● **Task material**
# # # #

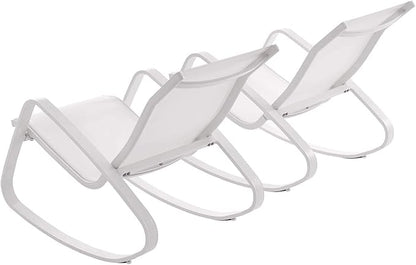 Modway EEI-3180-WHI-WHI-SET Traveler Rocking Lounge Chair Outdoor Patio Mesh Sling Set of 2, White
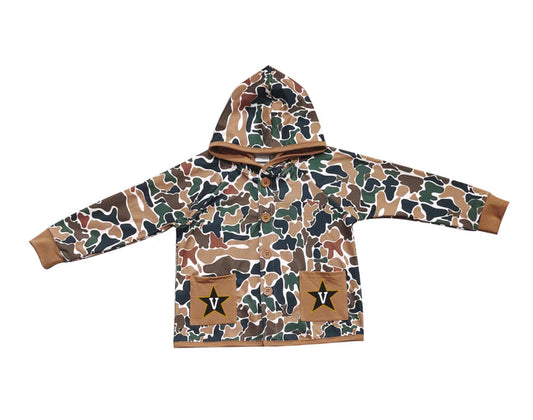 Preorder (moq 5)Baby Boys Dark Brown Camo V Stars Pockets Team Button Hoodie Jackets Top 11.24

# # # #

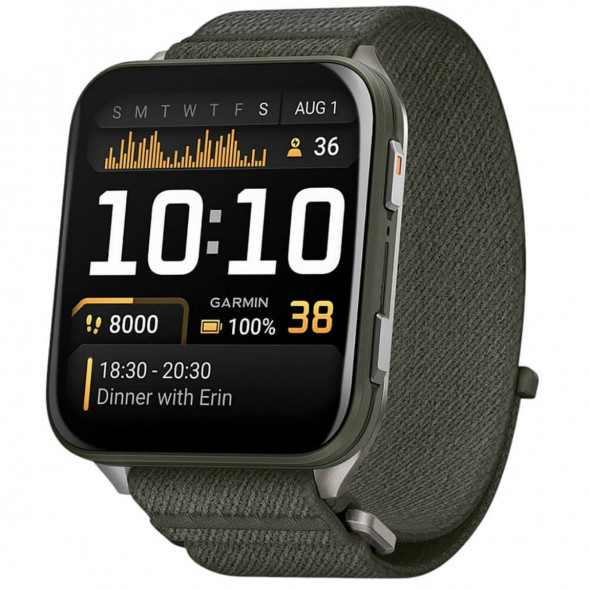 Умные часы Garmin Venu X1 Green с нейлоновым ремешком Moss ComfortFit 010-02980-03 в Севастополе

# # # #

● **Aim of the exercise**
Using the records above, repeat exactly the run of lines that starts with the line with "Modway EEI-3180-WHI-WHI-SET Traveler" and goes on through the line with "Preorder (moq 5)Baby"; omit each picture.

● **Task response**
 Modway EEI-3180-WHI-WHI-SET Traveler Rocking Lounge Chair Outdoor Patio Mesh Sling Set of 2, White
 Preorder (moq 5)Baby Boys Dark Brown Camo V Stars Pockets Team Button Hoodie Jackets Top 11.24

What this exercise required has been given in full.